┌─ INFORMATION
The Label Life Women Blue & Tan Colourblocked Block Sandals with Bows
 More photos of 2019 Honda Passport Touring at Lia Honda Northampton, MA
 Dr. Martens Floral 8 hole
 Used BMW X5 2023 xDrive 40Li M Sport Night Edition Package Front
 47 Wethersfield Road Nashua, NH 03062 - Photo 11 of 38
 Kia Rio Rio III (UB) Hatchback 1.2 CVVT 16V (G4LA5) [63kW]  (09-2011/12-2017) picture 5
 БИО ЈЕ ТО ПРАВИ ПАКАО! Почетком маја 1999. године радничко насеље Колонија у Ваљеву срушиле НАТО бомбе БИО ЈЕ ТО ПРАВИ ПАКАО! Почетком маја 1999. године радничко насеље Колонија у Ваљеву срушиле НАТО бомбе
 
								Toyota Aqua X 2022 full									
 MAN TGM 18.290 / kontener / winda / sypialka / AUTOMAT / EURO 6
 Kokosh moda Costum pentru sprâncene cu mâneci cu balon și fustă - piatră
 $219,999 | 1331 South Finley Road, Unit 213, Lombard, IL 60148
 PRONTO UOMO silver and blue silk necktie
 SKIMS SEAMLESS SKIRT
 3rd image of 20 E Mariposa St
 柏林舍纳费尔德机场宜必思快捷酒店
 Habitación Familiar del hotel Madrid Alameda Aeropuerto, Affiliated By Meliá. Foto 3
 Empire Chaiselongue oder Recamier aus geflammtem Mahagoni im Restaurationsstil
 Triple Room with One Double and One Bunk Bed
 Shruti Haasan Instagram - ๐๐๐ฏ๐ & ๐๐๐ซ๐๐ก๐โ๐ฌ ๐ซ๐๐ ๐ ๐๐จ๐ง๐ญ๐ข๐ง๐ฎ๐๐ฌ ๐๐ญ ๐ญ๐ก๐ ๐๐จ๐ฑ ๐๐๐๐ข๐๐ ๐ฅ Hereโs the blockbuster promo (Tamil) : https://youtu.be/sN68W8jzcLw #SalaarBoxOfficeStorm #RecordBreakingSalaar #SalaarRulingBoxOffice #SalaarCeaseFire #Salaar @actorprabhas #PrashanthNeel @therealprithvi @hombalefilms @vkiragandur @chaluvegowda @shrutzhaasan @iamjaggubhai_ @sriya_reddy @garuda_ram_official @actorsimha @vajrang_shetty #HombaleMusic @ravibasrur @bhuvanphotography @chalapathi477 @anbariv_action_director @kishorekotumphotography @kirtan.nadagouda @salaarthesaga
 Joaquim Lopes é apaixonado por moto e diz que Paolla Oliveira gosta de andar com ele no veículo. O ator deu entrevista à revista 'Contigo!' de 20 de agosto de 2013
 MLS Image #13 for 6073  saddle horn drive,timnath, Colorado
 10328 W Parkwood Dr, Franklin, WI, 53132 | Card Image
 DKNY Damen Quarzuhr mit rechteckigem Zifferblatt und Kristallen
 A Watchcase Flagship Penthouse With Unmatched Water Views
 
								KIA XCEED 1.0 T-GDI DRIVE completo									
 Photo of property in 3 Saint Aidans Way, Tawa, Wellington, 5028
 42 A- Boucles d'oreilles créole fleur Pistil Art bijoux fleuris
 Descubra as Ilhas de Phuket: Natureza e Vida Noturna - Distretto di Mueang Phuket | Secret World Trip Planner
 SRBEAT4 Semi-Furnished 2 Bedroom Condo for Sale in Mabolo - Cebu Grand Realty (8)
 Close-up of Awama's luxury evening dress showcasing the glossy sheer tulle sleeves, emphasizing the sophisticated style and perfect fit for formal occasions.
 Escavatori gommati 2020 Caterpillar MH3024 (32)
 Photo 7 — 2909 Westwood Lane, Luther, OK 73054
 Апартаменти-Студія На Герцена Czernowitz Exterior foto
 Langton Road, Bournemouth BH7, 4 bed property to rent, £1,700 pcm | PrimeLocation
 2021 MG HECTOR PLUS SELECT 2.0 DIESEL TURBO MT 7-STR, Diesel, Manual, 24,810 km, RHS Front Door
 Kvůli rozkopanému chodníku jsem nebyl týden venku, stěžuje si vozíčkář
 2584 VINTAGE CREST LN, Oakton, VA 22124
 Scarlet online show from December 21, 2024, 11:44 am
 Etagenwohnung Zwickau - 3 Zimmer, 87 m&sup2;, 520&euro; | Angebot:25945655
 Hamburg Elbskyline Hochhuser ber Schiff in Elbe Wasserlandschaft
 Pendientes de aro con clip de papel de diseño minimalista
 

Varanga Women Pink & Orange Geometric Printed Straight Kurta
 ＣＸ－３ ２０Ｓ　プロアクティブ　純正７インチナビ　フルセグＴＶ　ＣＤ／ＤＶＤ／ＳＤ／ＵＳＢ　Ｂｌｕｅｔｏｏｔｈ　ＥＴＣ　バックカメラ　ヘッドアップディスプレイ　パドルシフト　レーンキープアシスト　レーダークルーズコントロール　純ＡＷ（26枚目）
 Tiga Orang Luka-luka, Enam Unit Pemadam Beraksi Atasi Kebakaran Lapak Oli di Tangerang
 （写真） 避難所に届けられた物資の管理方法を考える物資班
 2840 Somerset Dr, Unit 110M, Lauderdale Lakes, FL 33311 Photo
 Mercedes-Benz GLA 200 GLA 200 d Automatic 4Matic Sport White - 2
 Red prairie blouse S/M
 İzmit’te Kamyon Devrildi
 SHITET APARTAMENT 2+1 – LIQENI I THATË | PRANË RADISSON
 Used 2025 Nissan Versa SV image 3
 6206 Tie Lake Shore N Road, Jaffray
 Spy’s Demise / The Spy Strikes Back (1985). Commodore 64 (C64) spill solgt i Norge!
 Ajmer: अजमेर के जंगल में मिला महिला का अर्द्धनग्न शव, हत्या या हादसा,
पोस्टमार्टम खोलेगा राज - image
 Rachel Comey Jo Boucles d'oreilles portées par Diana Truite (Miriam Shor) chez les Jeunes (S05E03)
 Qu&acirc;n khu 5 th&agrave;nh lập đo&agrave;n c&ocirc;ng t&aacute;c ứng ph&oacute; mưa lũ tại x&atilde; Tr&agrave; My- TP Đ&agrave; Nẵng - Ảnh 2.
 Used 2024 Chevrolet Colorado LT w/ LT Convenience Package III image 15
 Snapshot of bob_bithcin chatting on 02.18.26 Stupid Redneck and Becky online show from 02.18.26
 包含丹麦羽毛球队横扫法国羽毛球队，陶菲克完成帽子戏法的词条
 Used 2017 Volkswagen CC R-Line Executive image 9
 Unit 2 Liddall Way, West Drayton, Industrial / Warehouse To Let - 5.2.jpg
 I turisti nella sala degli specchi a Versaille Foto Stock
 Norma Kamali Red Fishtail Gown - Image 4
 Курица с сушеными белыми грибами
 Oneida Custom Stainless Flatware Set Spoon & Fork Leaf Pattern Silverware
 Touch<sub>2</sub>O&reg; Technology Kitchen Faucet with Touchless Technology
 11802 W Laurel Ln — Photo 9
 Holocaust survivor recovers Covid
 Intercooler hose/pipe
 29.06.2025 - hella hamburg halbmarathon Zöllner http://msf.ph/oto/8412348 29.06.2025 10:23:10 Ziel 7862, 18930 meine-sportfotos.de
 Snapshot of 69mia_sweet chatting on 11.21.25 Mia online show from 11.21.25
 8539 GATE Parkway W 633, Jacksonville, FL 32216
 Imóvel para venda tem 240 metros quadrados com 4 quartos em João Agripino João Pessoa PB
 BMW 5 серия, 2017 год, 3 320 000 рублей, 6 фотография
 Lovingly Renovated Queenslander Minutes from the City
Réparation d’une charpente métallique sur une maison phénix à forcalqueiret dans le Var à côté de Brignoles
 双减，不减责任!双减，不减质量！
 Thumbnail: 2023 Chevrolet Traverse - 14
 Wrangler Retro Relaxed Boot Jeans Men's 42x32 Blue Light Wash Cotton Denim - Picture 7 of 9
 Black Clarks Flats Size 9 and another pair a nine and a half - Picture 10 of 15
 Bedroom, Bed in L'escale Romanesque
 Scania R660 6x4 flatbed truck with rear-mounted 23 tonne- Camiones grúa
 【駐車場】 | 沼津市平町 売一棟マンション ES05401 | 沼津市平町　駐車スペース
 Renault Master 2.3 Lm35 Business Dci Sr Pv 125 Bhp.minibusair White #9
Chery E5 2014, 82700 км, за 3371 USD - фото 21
└─
(EXERCISE):
Search the entries for the string "chatting" and copy each line where it occurs.

(SOLUTION TO THE EXERCISE):
 Snapshot of bob_bithcin chatting on 02.18.26 Stupid Redneck and Becky online show from 02.18.26
 Snapshot of 69mia_sweet chatting on 11.21.25 Mia online show from 11.21.25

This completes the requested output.